Lo stesso Sindaco Iarrera richiama poi residenti e turisti alla responsabilità condivisa. Oliveri, durante l’estate, accoglie migliaia di persone ogni giorno, pur restando un piccolo Comune con mezzi e personale limitati. Per questo invita tutti a fare la propria parte: portare via i rifiuti prodotti, non lasciare mozziconi o plastica sulla spiaggia, evitare campeggi abusivi, non accendere fuochi, utilizzare posacenere tascabili e, se possibile, raccogliere anche un rifiuto lasciato da altri. Accanto alla sensibilizzazione ci sarà anche il controllo, con l’intensificazione delle verifiche e l’utilizzo di videocamere mobili contro i micro-abbandoni. Perché educare è fondamentale, ma il rispetto delle regole resta imprescindibile.
Le iniziative dei due Sindaci raccontano una politica diversa. Una politica che non vive di protagonismi né di sterili contrapposizioni, ma di collaborazione, condivisione e rispetto reciproco.

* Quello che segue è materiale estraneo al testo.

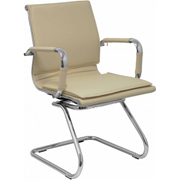 PYC SILLA CONFIDENTE YESTE SIMIL PIEL CREMA 256CPCR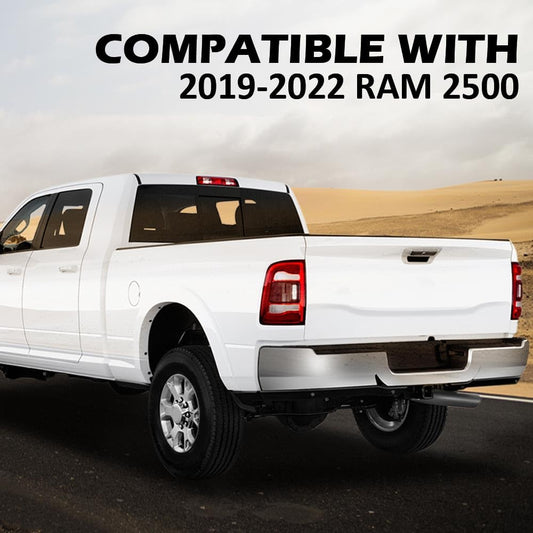 G-PLUS Tie Down Hooks Set of 4 with Bolts Compatible with Dodge Ram 2500 New Body Style 2002-2008 2019-2020 55276735AB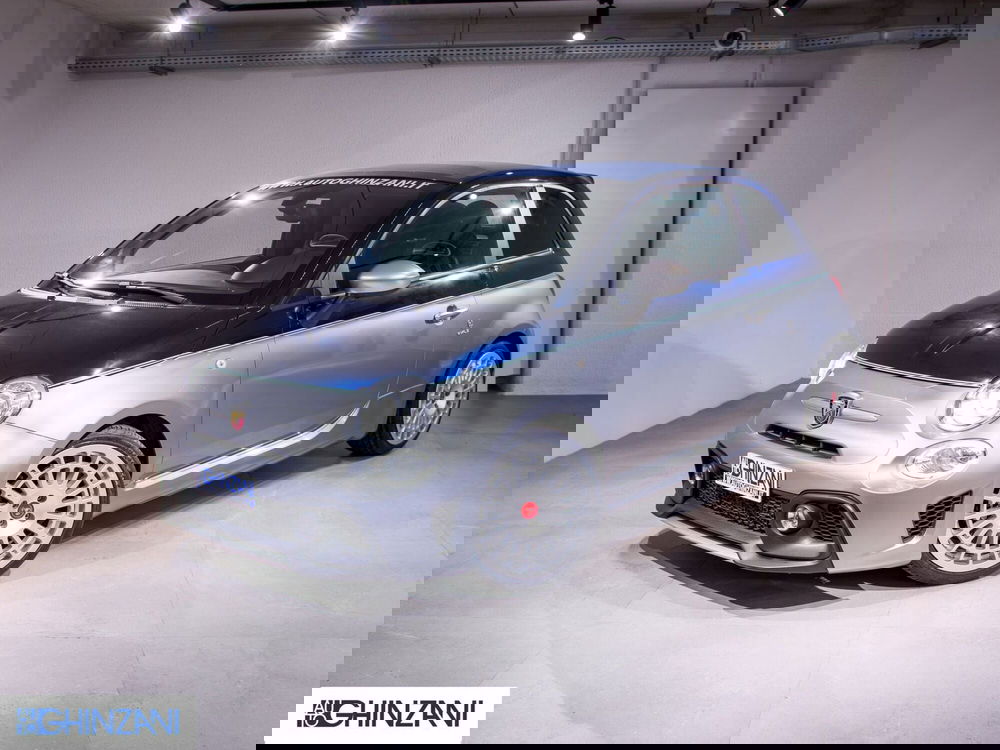 Abarth 695 Cabrio usata a Bergamo (3)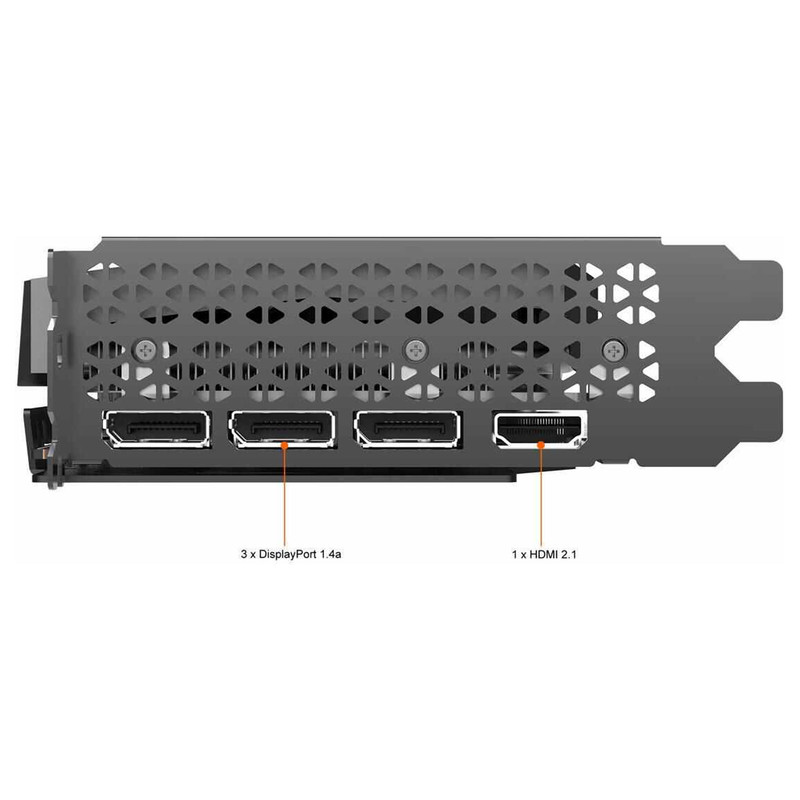 کارت گرافیک زوتک مدل GeForce RTX 3060 Ti Twin Edge OC LHR 8GB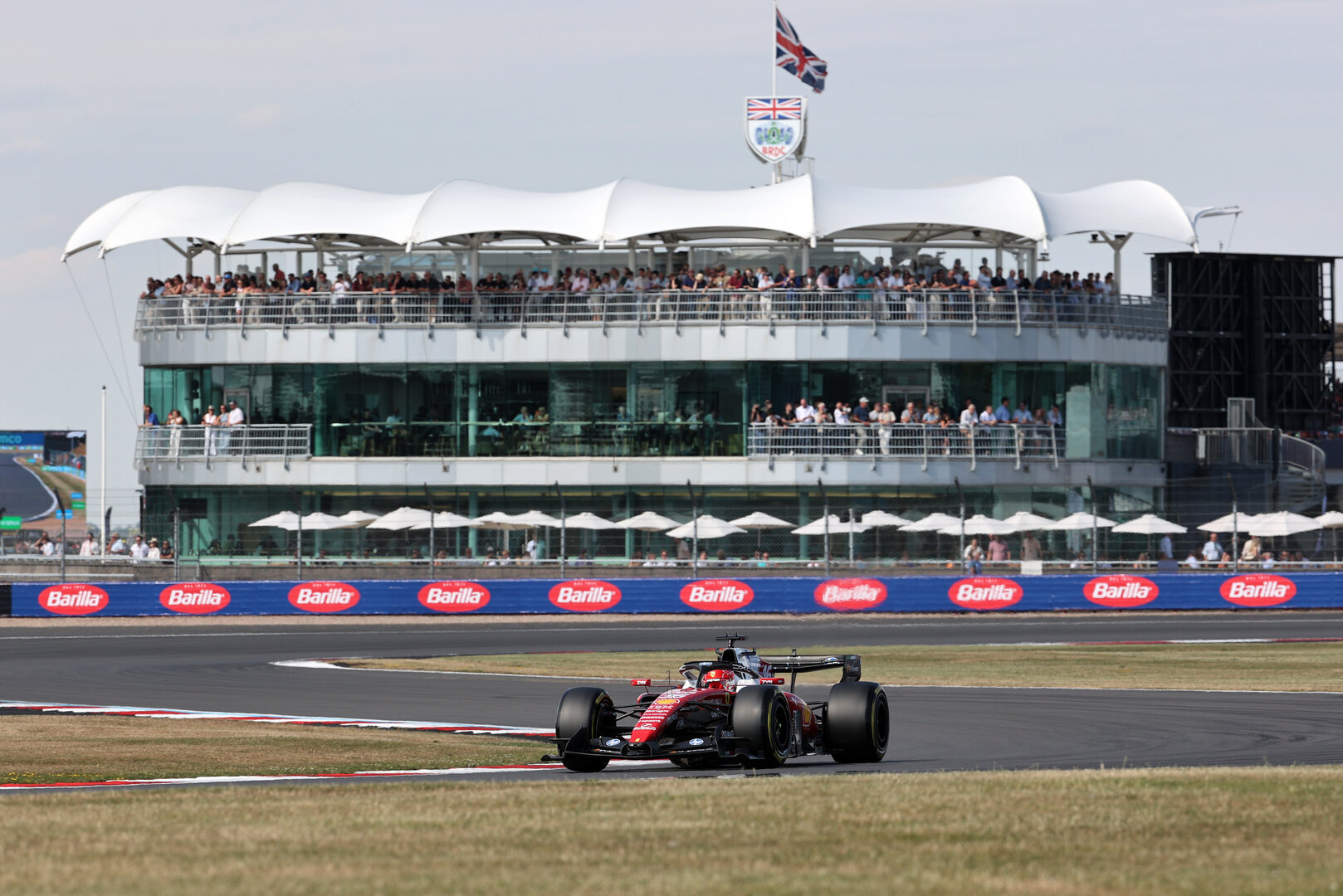 GP GRAN BRETAGNA, Charles Leclerc (MON) Ferrari SF-26.
03.07.2026. Formula 1 World Championship, Rd 9, British Grand Prix, Silverstone, England, Sprint Qualifiche Day.
- www.xpbimages.com, EMail: requests@xpbimages.com © Copyright: Davenport / XPB Images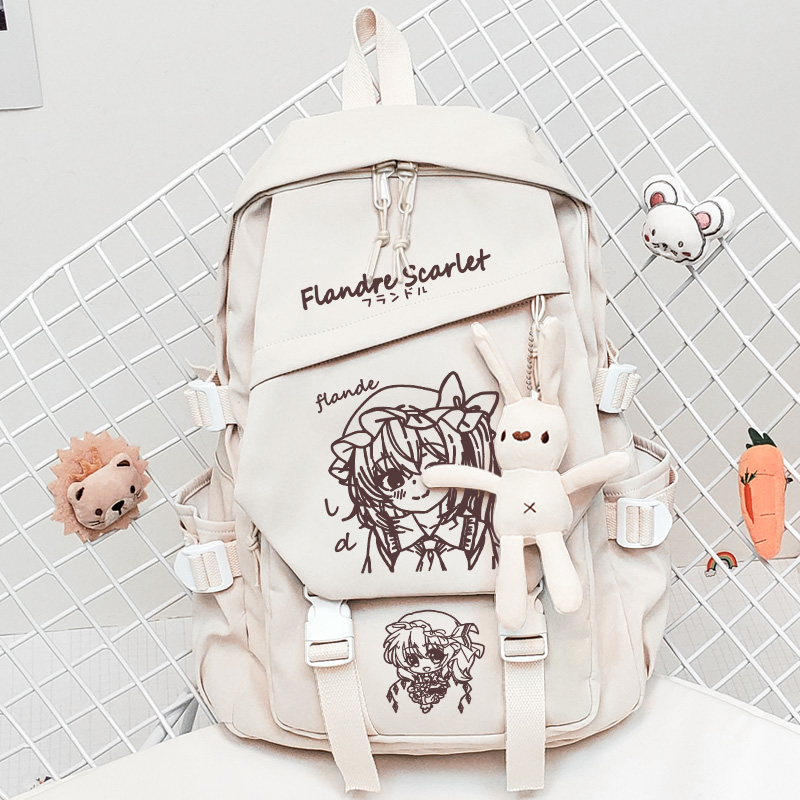 东方project周边双肩书包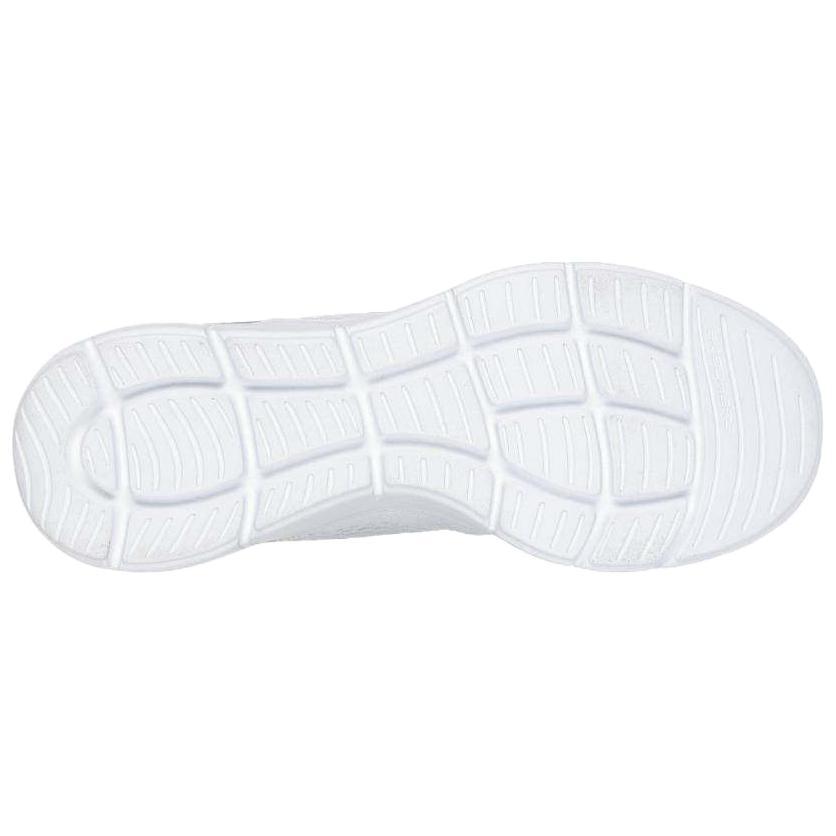 Skechers Sport Comfortable Versatile Low-Top Casual Shoes Women Sneakers White Blue 150370-WLB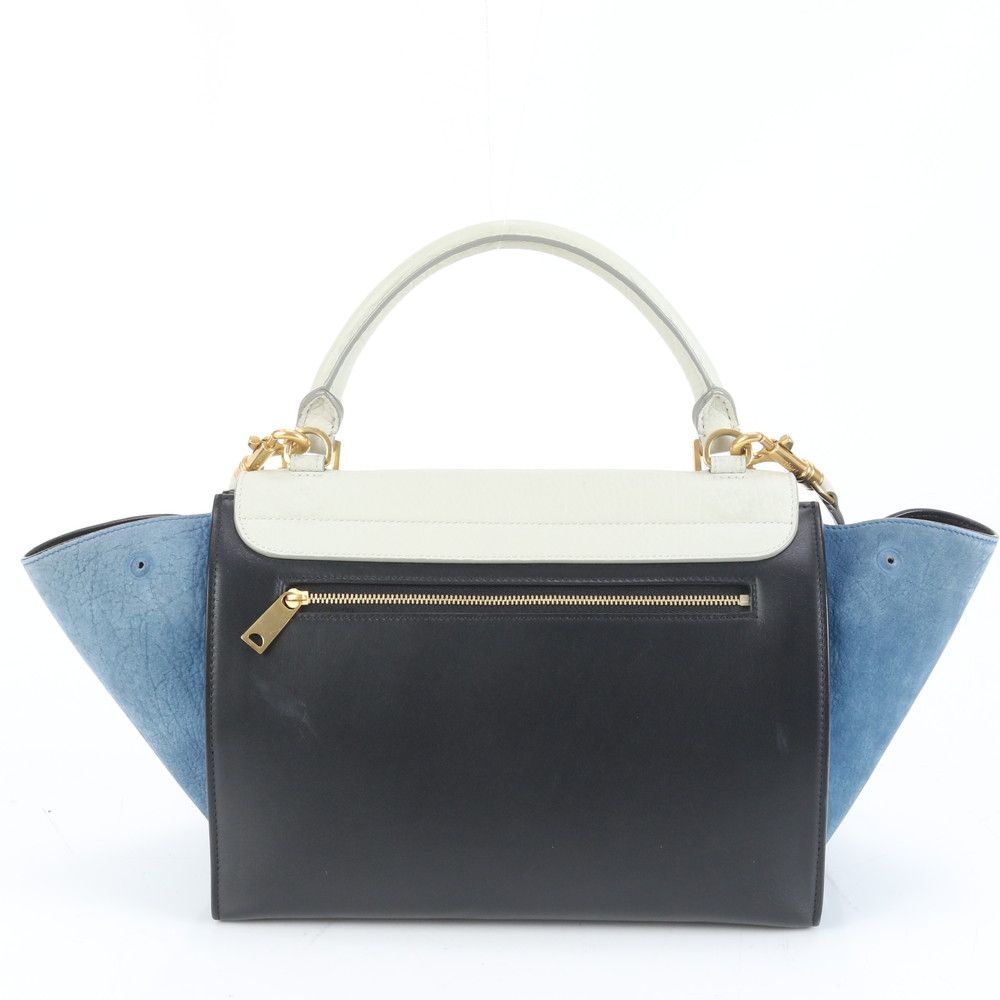 ⭐️週末限定値下げ⭐️極美品 セリーヌ トラペーズ ミディアム レザー トートバッグ 極美品 セリーヌ トラペーズ スモール レザー 2WAY ショルダーバッグ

L’amicizia tra Salvatore Cipriano e Francesco Iarrera è il simbolo di questo modo di amministrare. Non una competizione tra Comuni vicini, ma una sana alleanza per promuovere il territorio, tutelare l’ambiente e diffondere una cultura della responsabilità.
In un momento storico, in cui troppo spesso si sottolineano le divisioni, vedere due primi cittadini sostenersi reciprocamente e lanciare messaggi, che si rafforzano a vicenda, rappresenta una bella notizia. Perché dimostra che il bene comune può diventare un obiettivo condiviso.
Un mare pulito non è soltanto il risultato del lavoro delle amministrazioni o degli operatori ecologici. È il riflesso del senso civico di un’intera comunità. Piraino e Oliveri lo stanno dimostrando con i fatti.
Due sindaci. Due Comuni. Un’amicizia autentica. Una visione comune. E forse è proprio questa la lezione più bella che oggi arriva dalla Sicilia: quando le istituzioni collaborano, quando gli amministratori diventano compagni di un percorso, fatto di stima e fiducia reciproca, le buone idee si moltiplicano e diventano patrimonio di tutti. Perché prima ancora di essere Sindaci, Salvatore Cipriano e Francesco Iarrera hanno scelto di essere uomini al servizio della propria terra, dimostrando che la politica migliore nasce sempre da un valore semplice e straordinario: il bene comune.